## [Data records]
==*==

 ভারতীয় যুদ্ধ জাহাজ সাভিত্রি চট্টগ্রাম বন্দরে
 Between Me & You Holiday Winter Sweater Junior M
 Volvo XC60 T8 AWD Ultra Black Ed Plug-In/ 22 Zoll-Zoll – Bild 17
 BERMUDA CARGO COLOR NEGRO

==*==

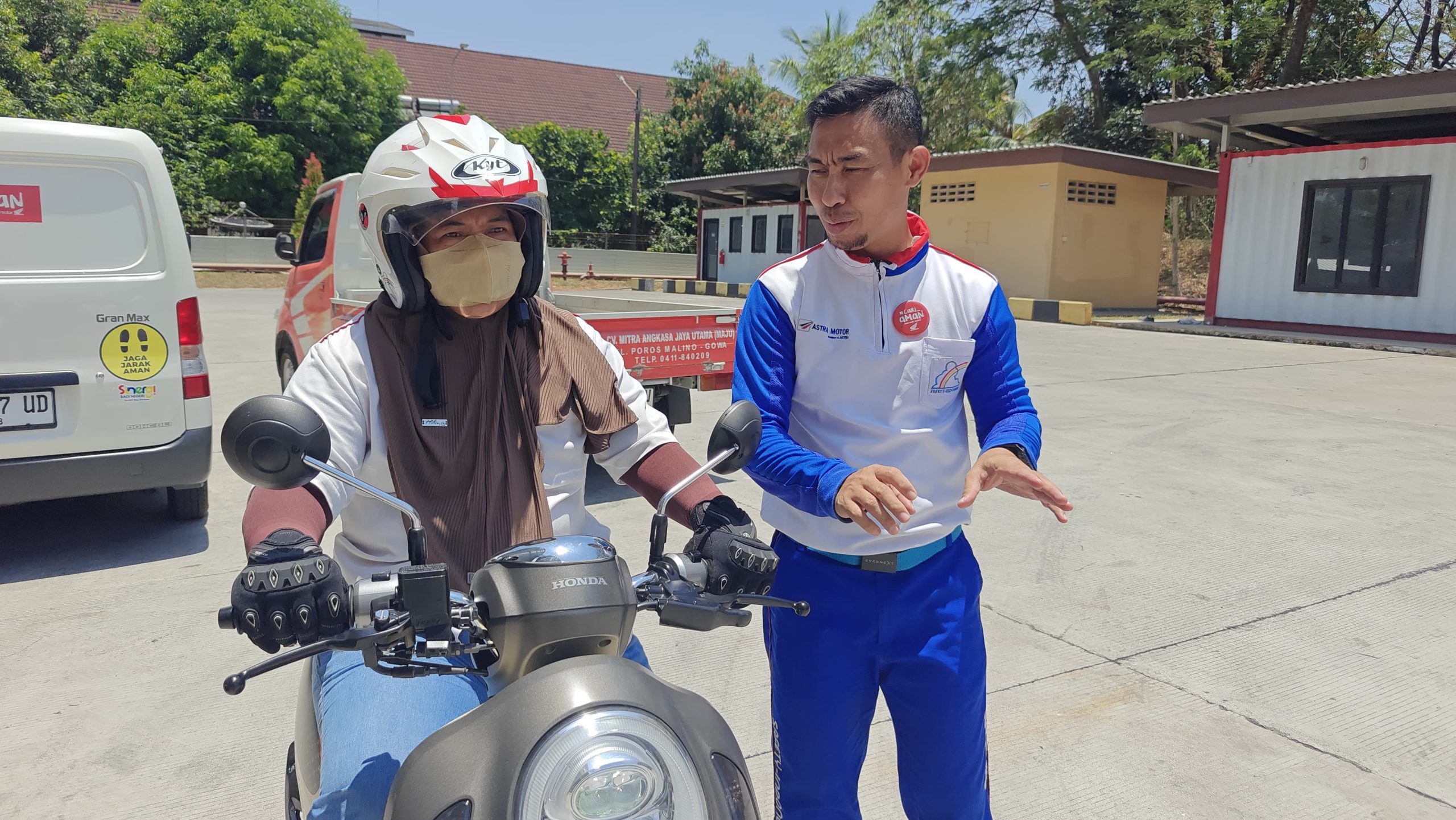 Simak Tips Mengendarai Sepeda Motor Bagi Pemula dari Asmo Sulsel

==*==

## [Exercise brief]
Copy the entries above exactly, but only from the line holding "ভারতীয় যুদ্ধ জাহাজ সাভিত্রি চট্টগ্রাম বন্দরে" through the line holding "BERMUDA CARGO COLOR NEGRO", both included.

## [Answer space]
 ভারতীয় যুদ্ধ জাহাজ সাভিত্রি চট্টগ্রাম বন্দরে
 Between Me & You Holiday Winter Sweater Junior M
 Volvo XC60 T8 AWD Ultra Black Ed Plug-In/ 22 Zoll-Zoll – Bild 17
 BERMUDA CARGO COLOR NEGRO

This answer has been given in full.